Lunar Rock Collecting
They are hoping to find companies willing to travel to the Moon to gather around 50 to 500 grams of the lunar rocks. NASA says that once the company has provided evidence of the samples, they will take over ownership of said samples.
After NASA has taken over ownership of the sample’s they will pay the companies for them. NASA has said that after the companies have provided their proof of their samples; they would not have to return the lunar rocks to Earth. Instead, NASA would retrieve the samples on a future mission.
This information was stated by NASA’s Administrator Jim Bridenstine at the Secure World Foundation’s Summit for Space Sustainability.

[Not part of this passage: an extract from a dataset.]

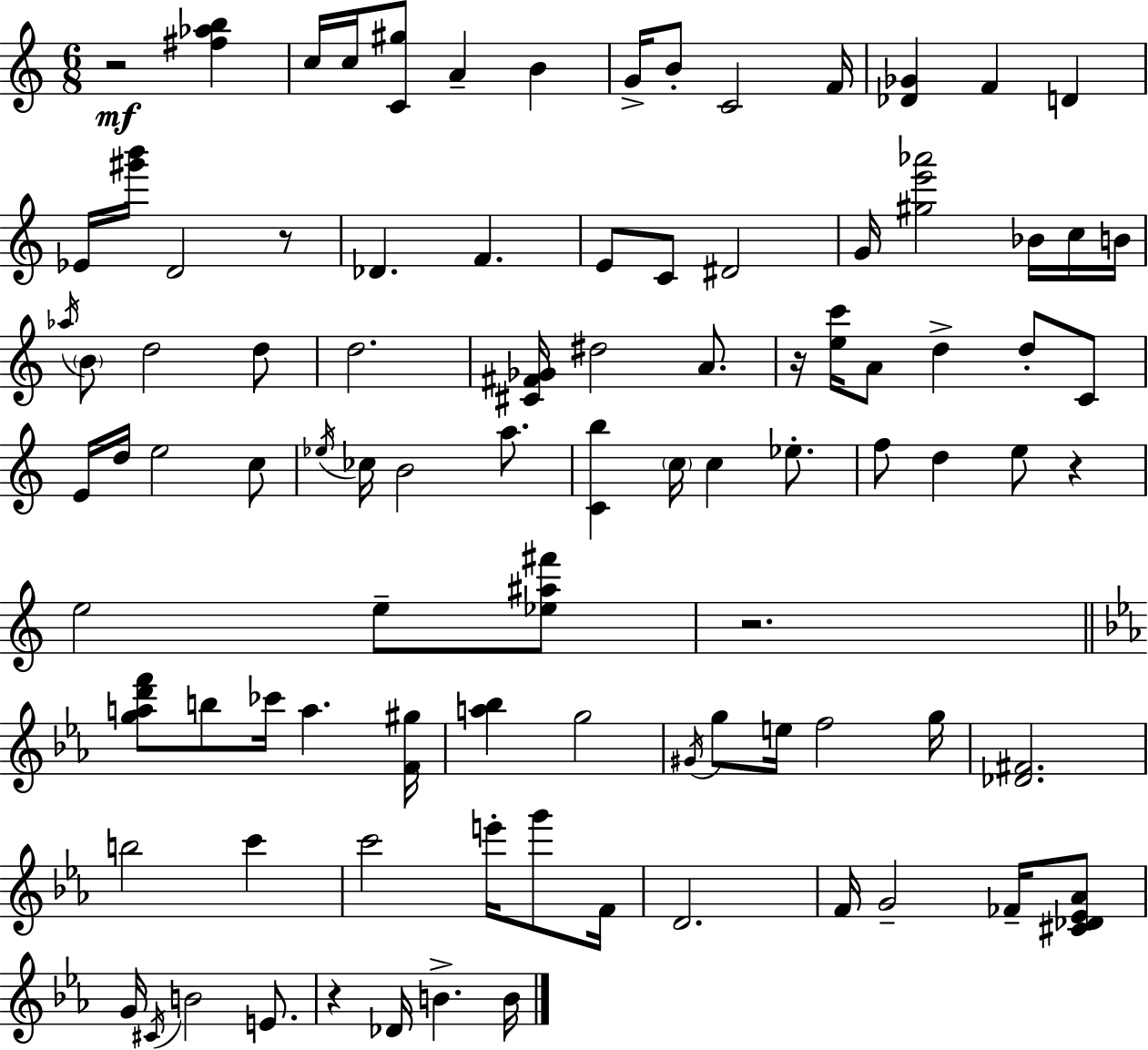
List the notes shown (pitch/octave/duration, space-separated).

R/h [F#5,Ab5,B5]/q C5/s C5/s [C4,G#5]/e A4/q B4/q G4/s B4/e C4/h F4/s [Db4,Gb4]/q F4/q D4/q Eb4/s [G#6,B6]/s D4/h R/e Db4/q. F4/q. E4/e C4/e D#4/h G4/s [G#5,E6,Ab6]/h Bb4/s C5/s B4/s Ab5/s B4/e D5/h D5/e D5/h. [C#4,F#4,Gb4]/s D#5/h A4/e. R/s [E5,C6]/s A4/e D5/q D5/e C4/e E4/s D5/s E5/h C5/e Eb5/s CES5/s B4/h A5/e. [C4,B5]/q C5/s C5/q Eb5/e. F5/e D5/q E5/e R/q E5/h E5/e [Eb5,A#5,F#6]/e R/h. [G5,A5,D6,F6]/e B5/e CES6/s A5/q. [F4,G#5]/s [A5,Bb5]/q G5/h G#4/s G5/e E5/s F5/h G5/s [Db4,F#4]/h. B5/h C6/q C6/h E6/s G6/e F4/s D4/h. F4/s G4/h FES4/s [C#4,Db4,Eb4,Ab4]/e G4/s C#4/s B4/h E4/e. R/q Db4/s B4/q. B4/s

Bridenstine claims that the agency aims to adapt a market for mining the soil on the Moon. Thus creating a way to “enable a normalization process” in which extraterrestrial
Artemis Accord Program and CLPS
Bridenstine refused to give an exact amount of money that NASA would be willing to pay for these samples. However, he did mention that the company would be willing to pay $15,000 to $25,000.
Bridenstine said that the agency was “trying to… make sure that there is a norm of behavior that says that resources can be extracted.” He further stated that they were “doing it in a way that is in compliance with the Outer Space Treaty.” The plan is to intertwine these efforts with the Artemis Accords Program that the agency is planning.
Artemis Accords is a plan to land the next man and first woman on the Moon by 2024. The program is hoping to achieve a sustainable and strong presence on the Moon. While they prepare for this the agency is preparing to perform a historic mission to Mars.
According to the agency’s website, they have “selected three commercial Moon landing service providers,” who “will deliver science and technology payloads” in their Commercial Lunar Payload Services (CLPS).
Hope for the Future
Their hope is to change the way that astronauts land on the Moon with advanced technology by 2024. Some of the companies included in the CLPS program are Ceres Robotics, SpaceX, and Tyvak Nano-Satellite Systems.
As part of the program, each company will be in charge of getting certain scientific instruments to the surface of the Moon. The agency is hoping the equipment these companies bring to the Moon will help them establish new data.
The “potential payloads” these companies bring to the Moon with help the agency measure the lunar radiation environment. It will also assess how the lander and astronaut’s activities affect the Moon. The instruments will also help them pinpoint the lander position, as well as helping with navigation precision.
The Artemis Program is made up of two-phases. The first part is to focus on the 2024 Moon Landing. The second part is focused on establishing a sustained human presence around and on the Moon by 2028.
NASA is hoping to use all the information they gather to help them send astronauts to Mars.